Exercise goal —
Please give back each line of the material unchanged, but without the images.

Input data —

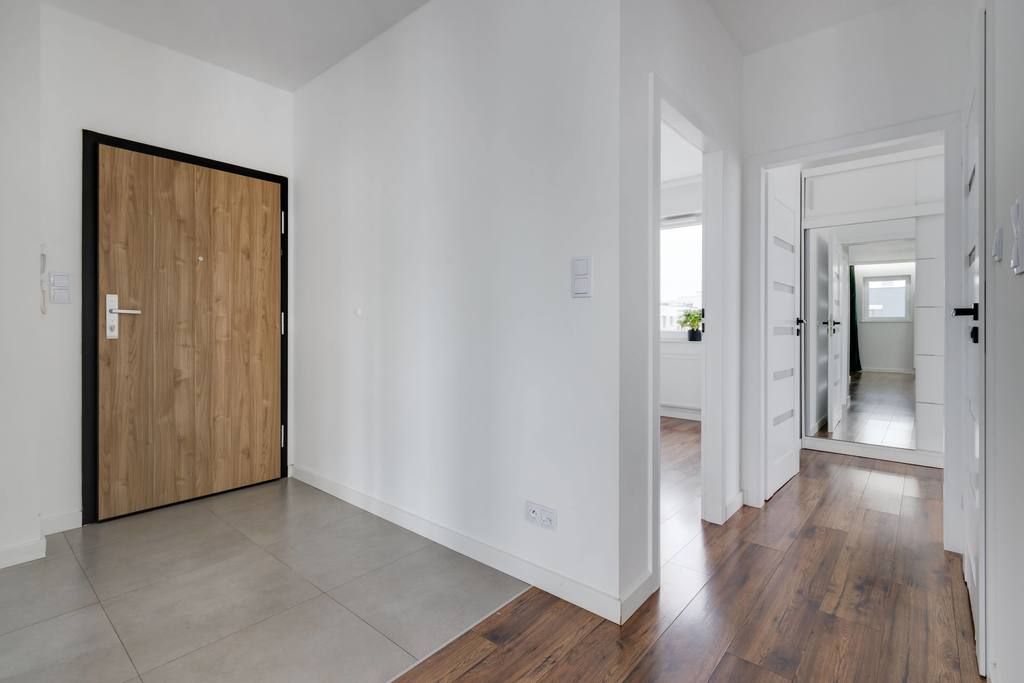 Mieszkanie 4-pokojowe Warszawa Ursus, ul. Posag 7 Panien. Zdjęcie 16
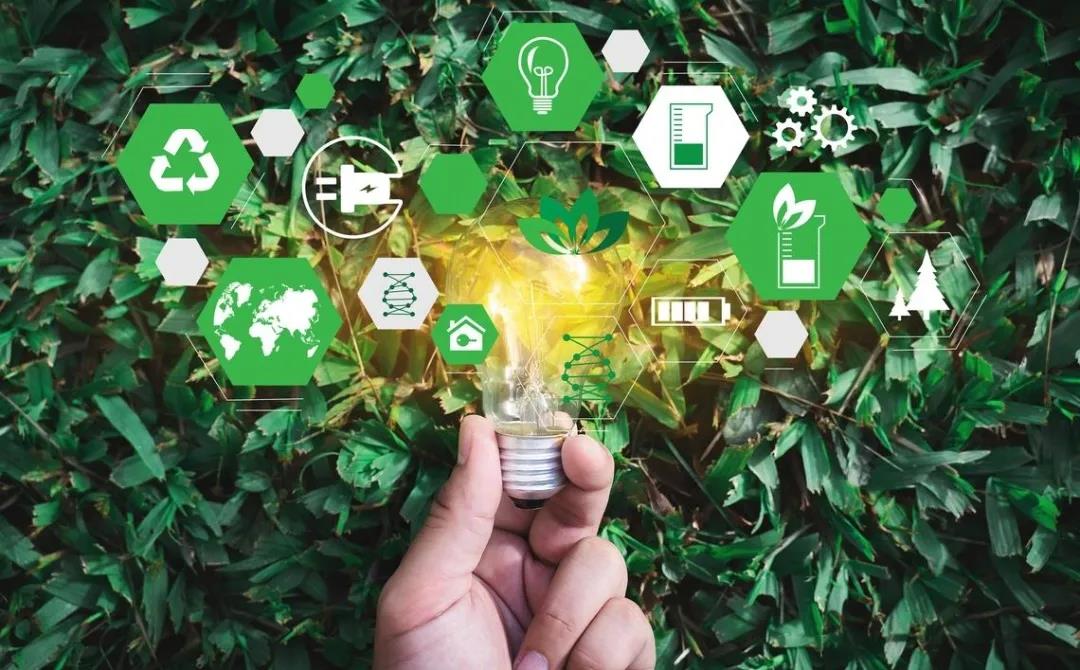 6400亿元！绿色金融债发行翻倍，中小银行加速入场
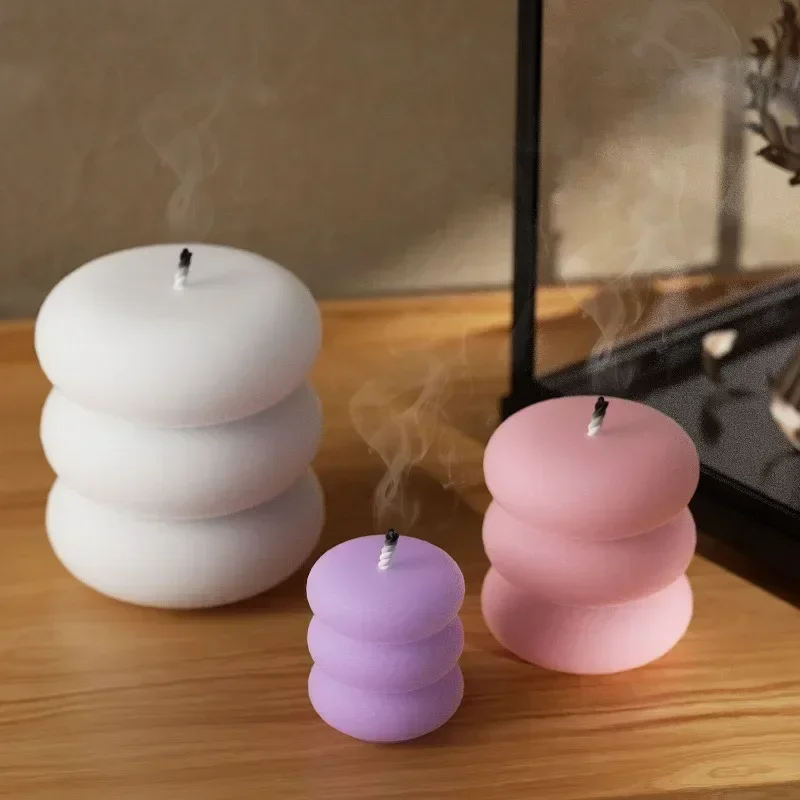 Nuovo Prodotto: Stampo per Can - Donut Mold Silicone recensione e prezzo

Written reply —
 Mieszkanie 4-pokojowe Warszawa Ursus, ul. Posag 7 Panien. Zdjęcie 16
 6400亿元！绿色金融债发行翻倍，中小银行加速入场
 Nuovo Prodotto: Stampo per Can - Donut Mold Silicone recensione e prezzo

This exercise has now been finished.